Para entender o Deal Preferencial, precisamos entender um outro aspecto da mídia programática: Open Auction, ou Leilão Aberto.

No passo 1 do nosso exemplo programático de Deal Garantido, está explicando que o inventário disponível para a venda já está previamente configurado na plataforma. Isso significa que você já configurou valores mínimos que você aceita para vender seu espaço.
No Leilão Aberto, um comprador deseja comprar um formato publicitário (que você tem disponível no seu site), porém ele não necessariamente precisa saber que é o seu espaço. Ele apenas precisa que as informações de compras que ele introduz na plataforma, do lado do comprador, seja compatível com as informações que você também disponibilizou na plataforma, do lado do vendedor.
Vários compradores estão interessados no seu espaço, porém apenas o que tiver o lance (bid) de compra maior, irá comprar o seu espaço. Isto claro, respeitando o preço mínimo que você já configurou na plataforma. Isso acontece em milésimos de segundos, e por isso chamamos de Leilão Aberto. Vários compradores estão comprando um espaço publicitário online ao mesmo tempo, e o que der o lance maior, leva o espaço.
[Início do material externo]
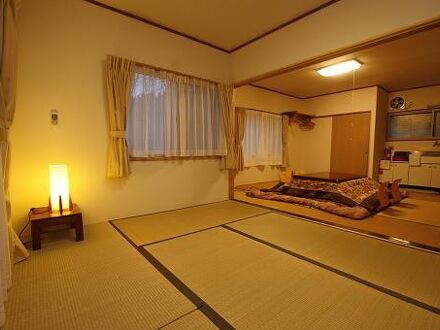 離れの宿 のんびりパパ 写真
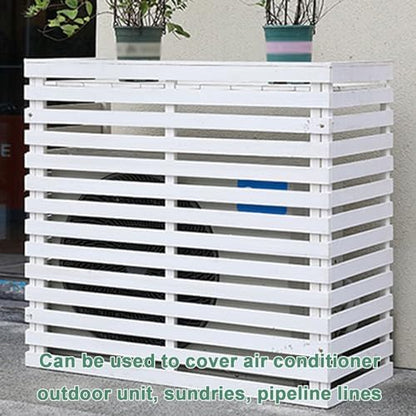 Outdoor AC Protective Cover ❄️🌧️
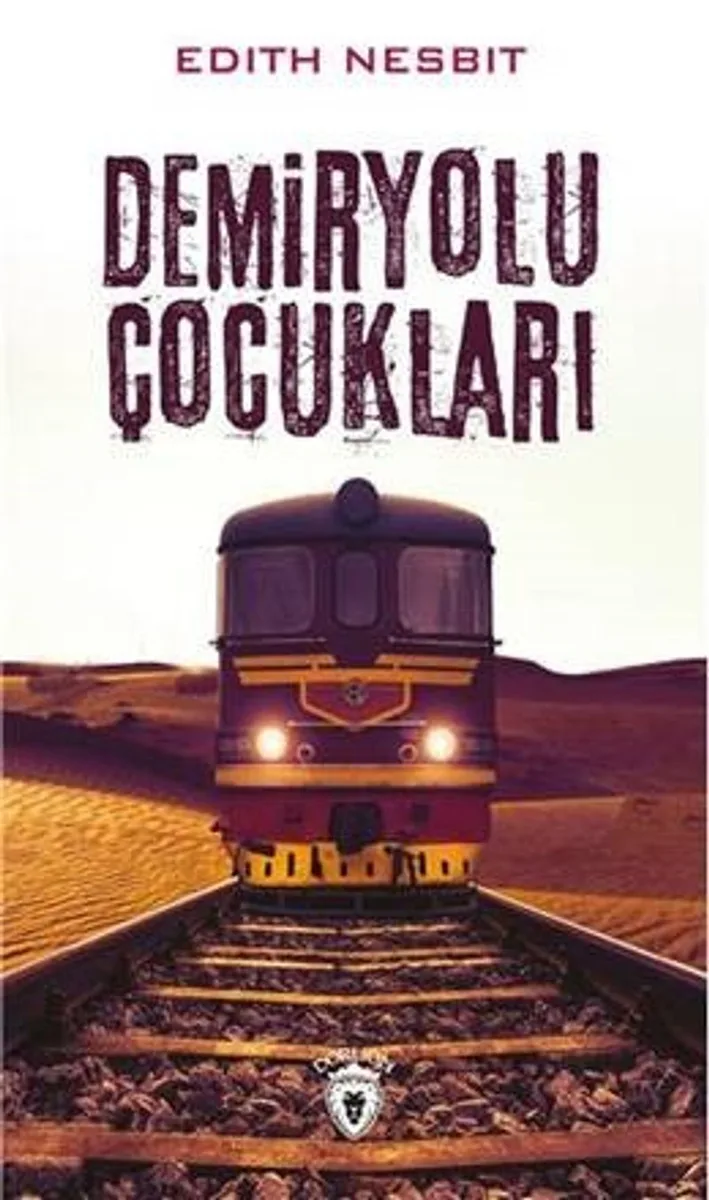 Demiryolu Çocukları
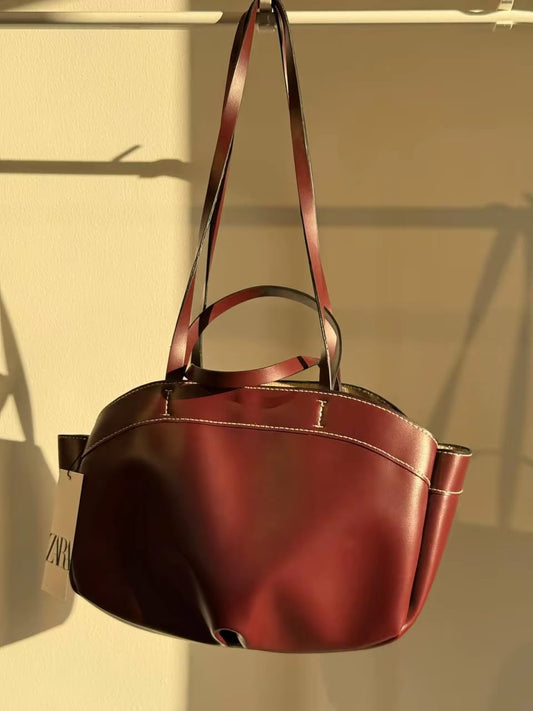 Up Town Girl Tote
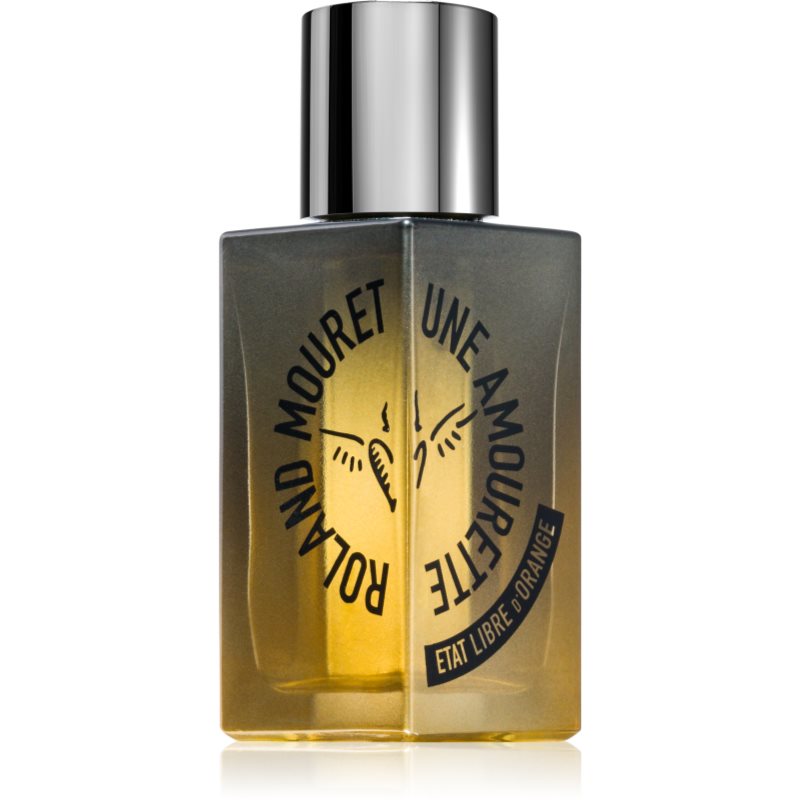 Etat Libre D’Orange Une Amourette Roland Mouret Eau De Parfum Unisex 50 Ml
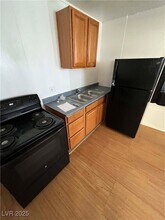 622 W McWilliams Ave in Las Vegas, NV - Building Photo - Building Photo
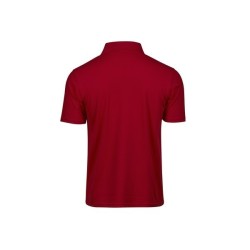 Power Polo - Polo organique Power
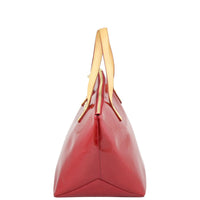 Louis Vuitton Bellevue PM Monogram Vernis Side


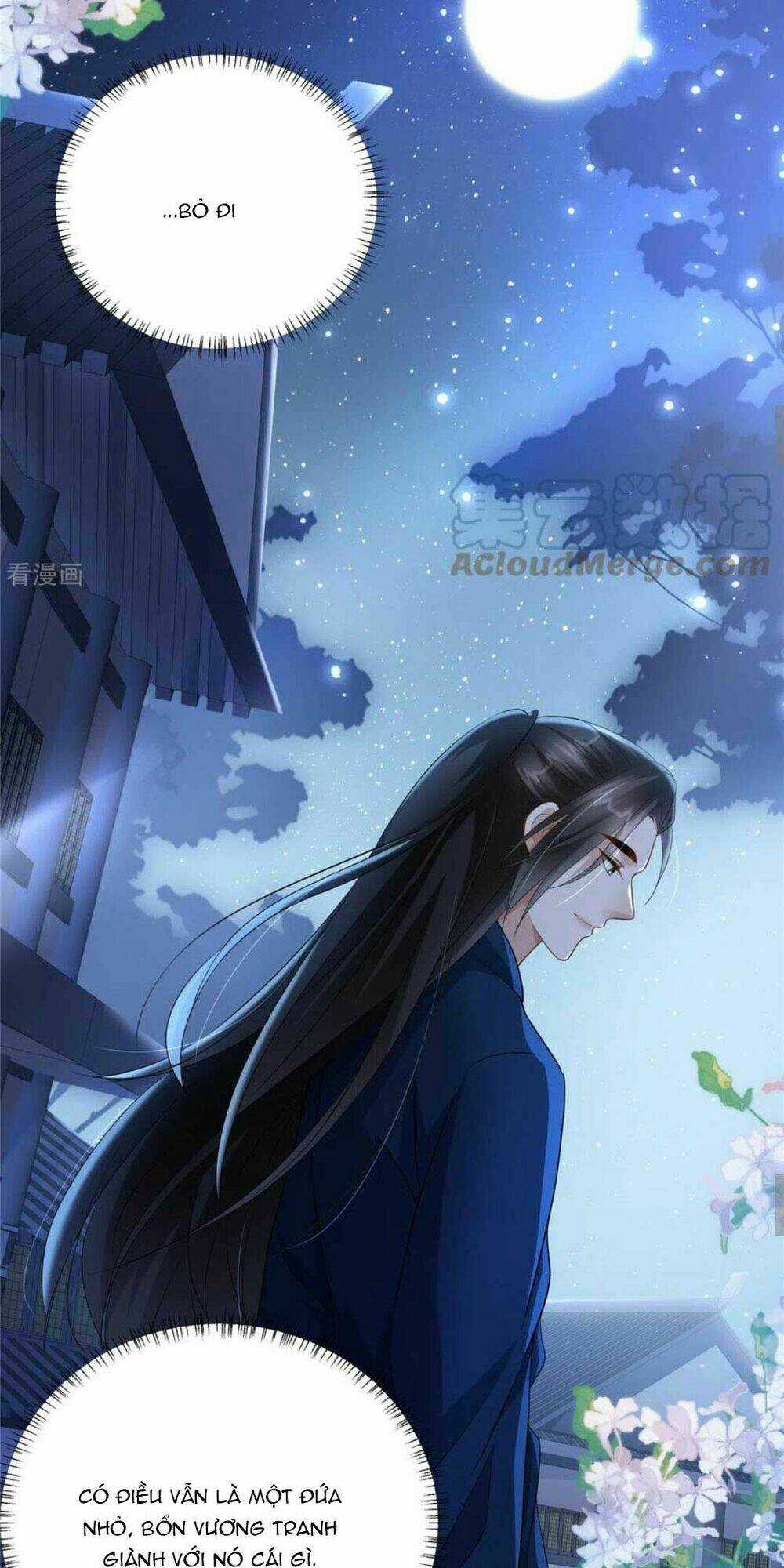 Xuyên Qua Làm Vương Phi Xinh Đẹp Của Vương Gia Chapter 30 trang 16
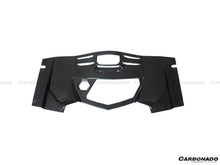 Load image into Gallery viewer, 2011-2016 Lamborghini Aventador LP700 Coupe Carbon Fiber Engine Trunk Kit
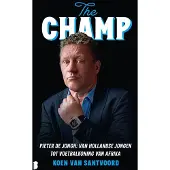 Meulenhoff Boekerij The Champ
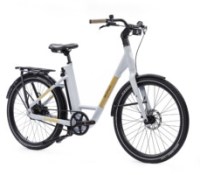 Source : Möbius Bike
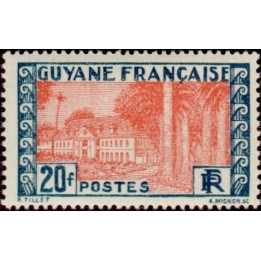Guyane - 132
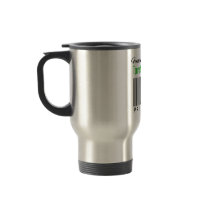 Finding a Cure For Tourettes Syndrome PRICELESS Coffee Mug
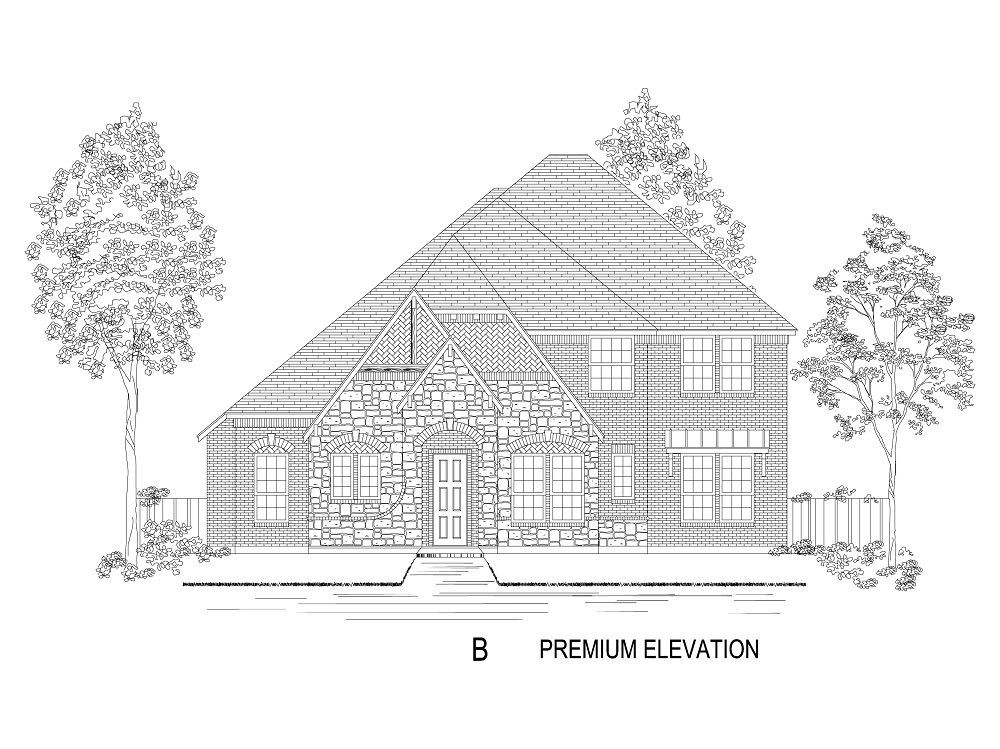 11416 Oregon Trail Frisco TX 75035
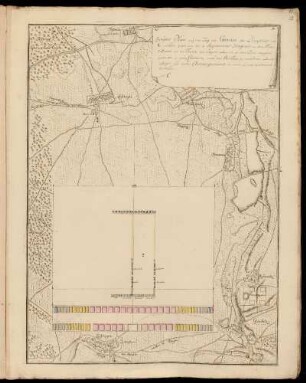 Zweyter Plan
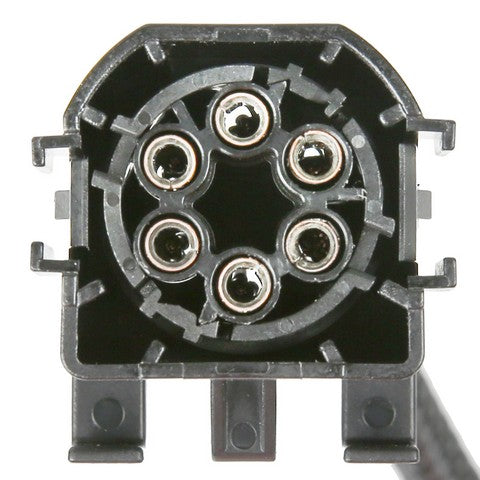 Fuel Pump and Strainer Set Delphi FE0747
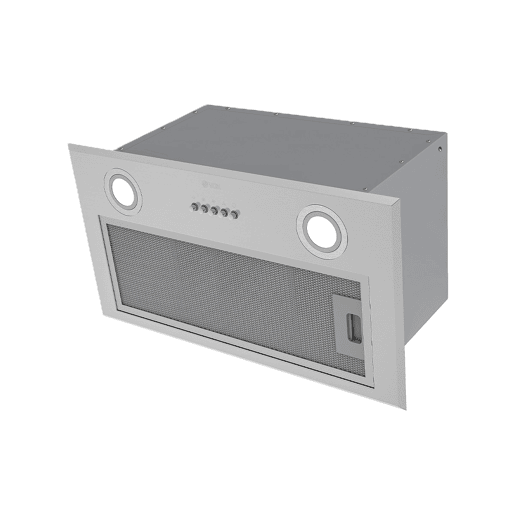 Exaustor grupo filtrante VOX BTN5T01IX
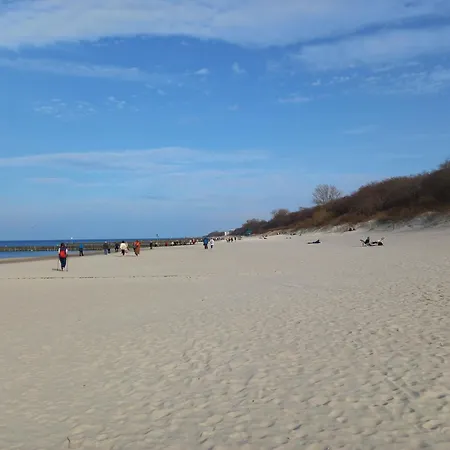 Aria - Rodzinny Ap 2pokojowy Uzdrowisko Silownia Netflix W Cenie Колобжег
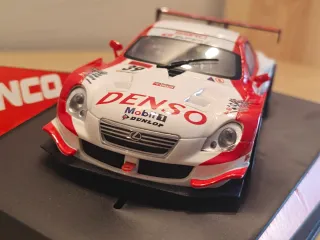 Lexus SC430 Ninco ref.50516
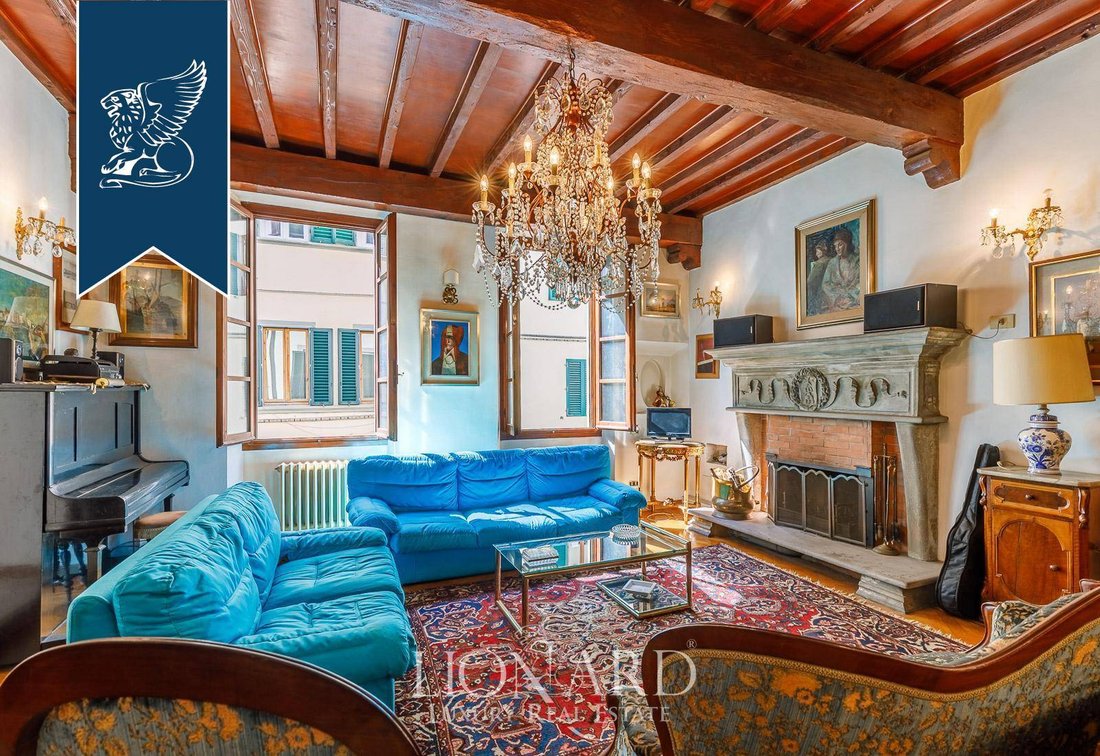 Appartamento a Centro, Firenze, Toscana 1 - 19115631
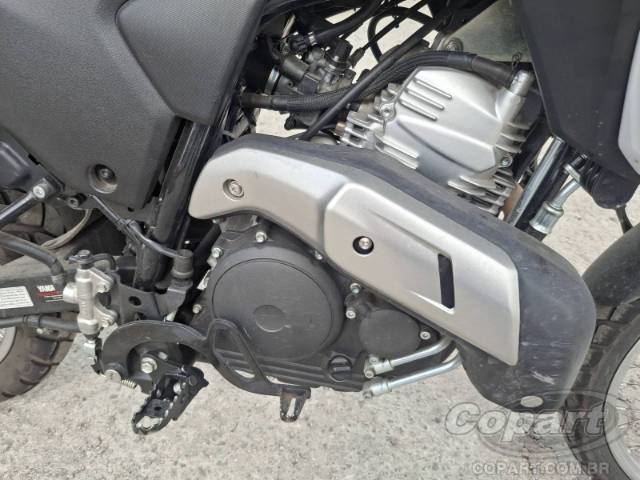 2025 YAMAHA XTZ 250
Quando entendemos o funcionamento do Leilão Aberto, o conceito do Deal Preferencial tem um entendimento mais fácil: O comprador combina com você um valor fixo mínimo para a compra, e este valor tem preferência na compra sobre o Leilão Aberto, porém se no Leilão Aberto fazer um lance maior, ele terá a compra efetiva.

Estabelecido como funciona a mídia programática, podemos entender que ela é a automatização da mídia, e sua compra e venda, com um processo muito mais ágil e rápido, que uma negociação tradicional.